▸ **Information shown**
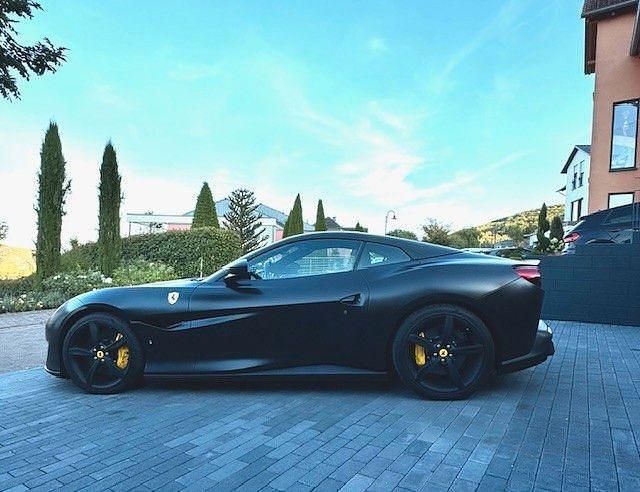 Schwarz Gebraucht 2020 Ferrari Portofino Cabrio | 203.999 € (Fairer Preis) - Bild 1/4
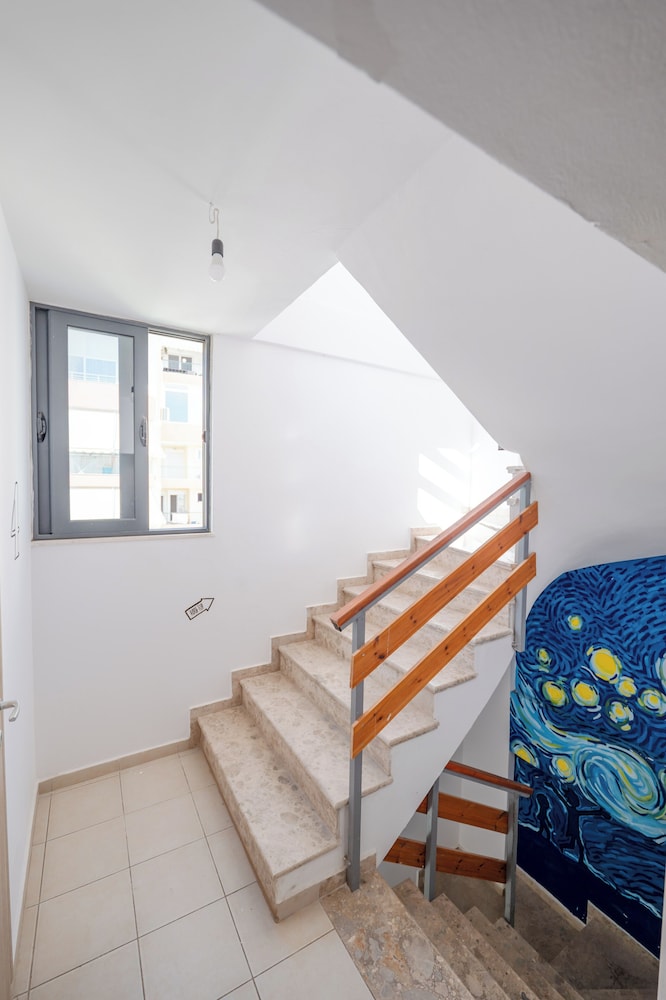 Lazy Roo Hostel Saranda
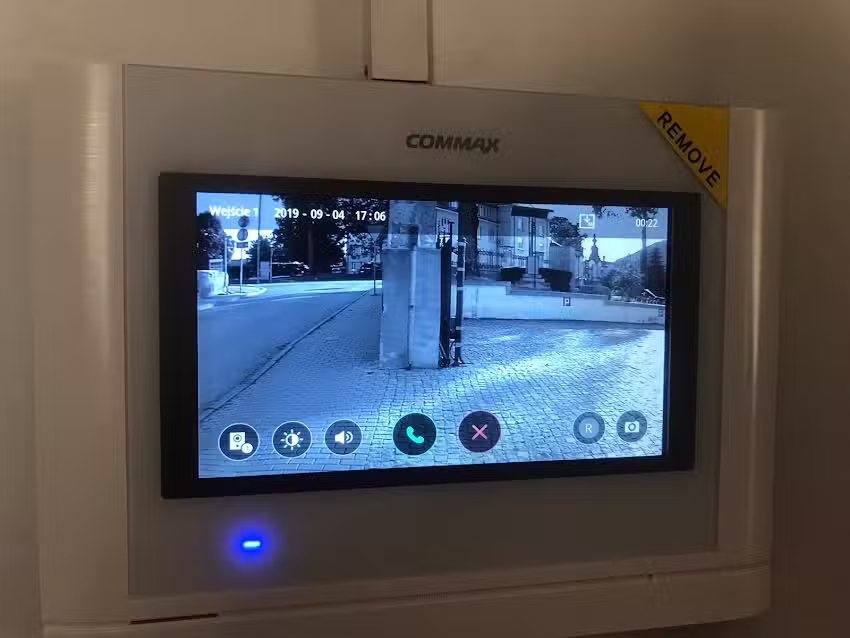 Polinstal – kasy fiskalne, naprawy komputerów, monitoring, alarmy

...

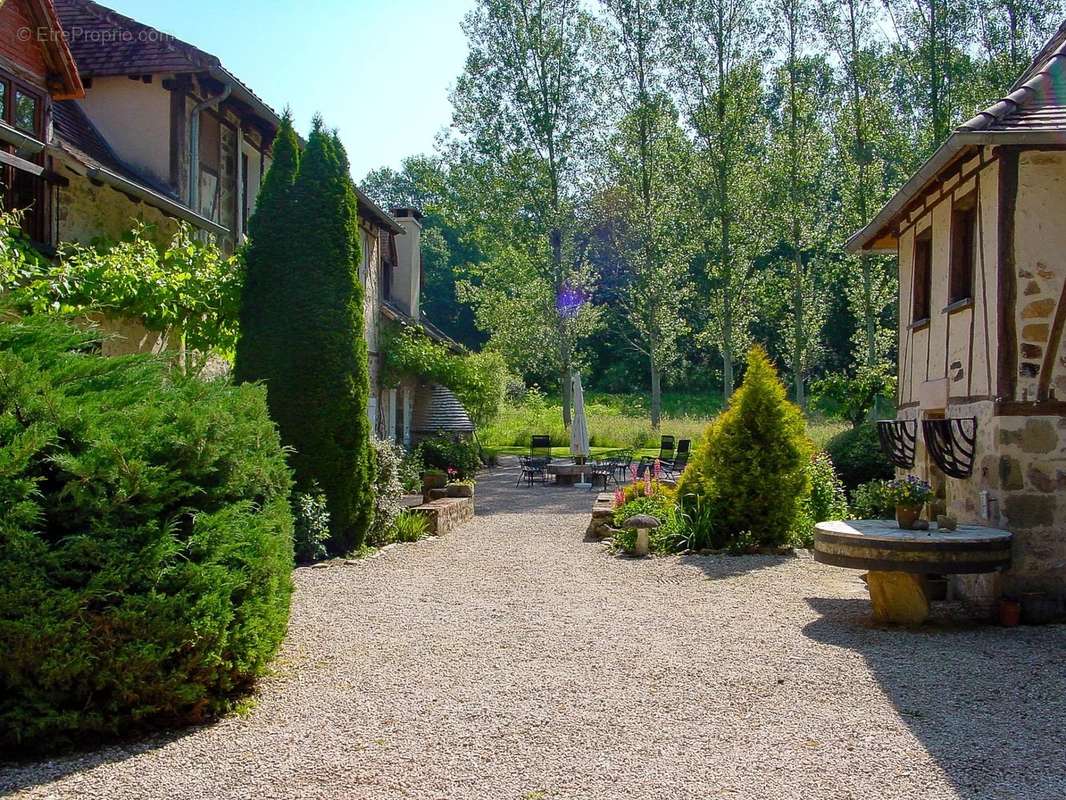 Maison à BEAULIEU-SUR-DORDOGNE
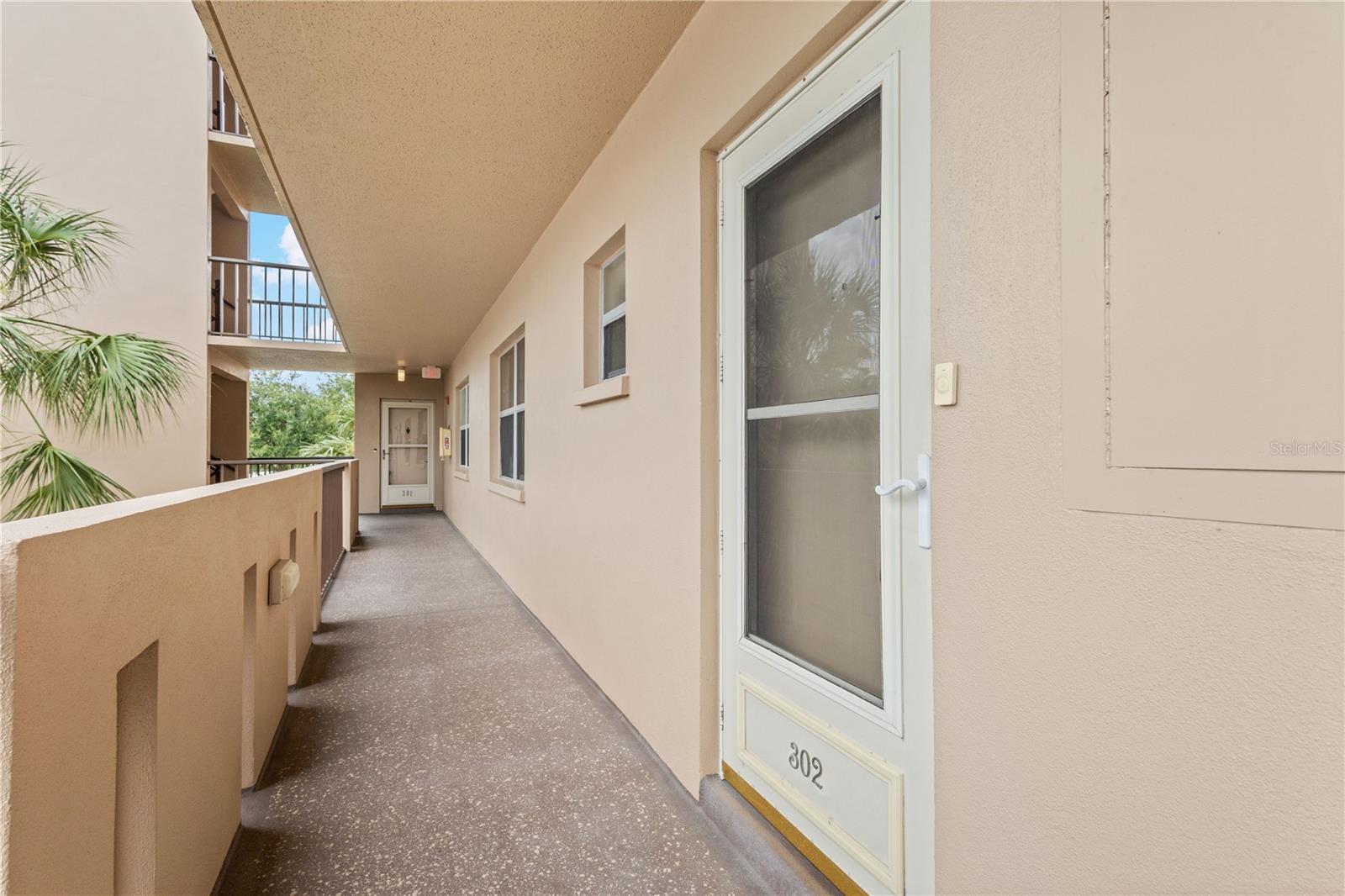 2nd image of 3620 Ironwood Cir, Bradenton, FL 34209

--

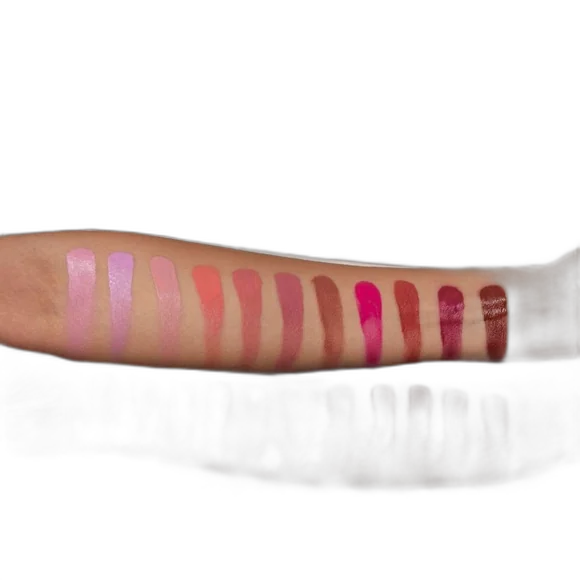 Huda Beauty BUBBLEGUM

▸ **Task instructions**
When you reach the line containing "Schwarz Gebraucht 2020" in the entries above, begin restating word for word, and stop once the line containing "Polinstal – kasy" has been given. Omit the pictures.

▸ **Result of this task**
 Schwarz Gebraucht 2020 Ferrari Portofino Cabrio | 203.999 € (Fairer Preis) - Bild 1/4
 Lazy Roo Hostel Saranda
 Polinstal – kasy fiskalne, naprawy komputerów, monitoring, alarmy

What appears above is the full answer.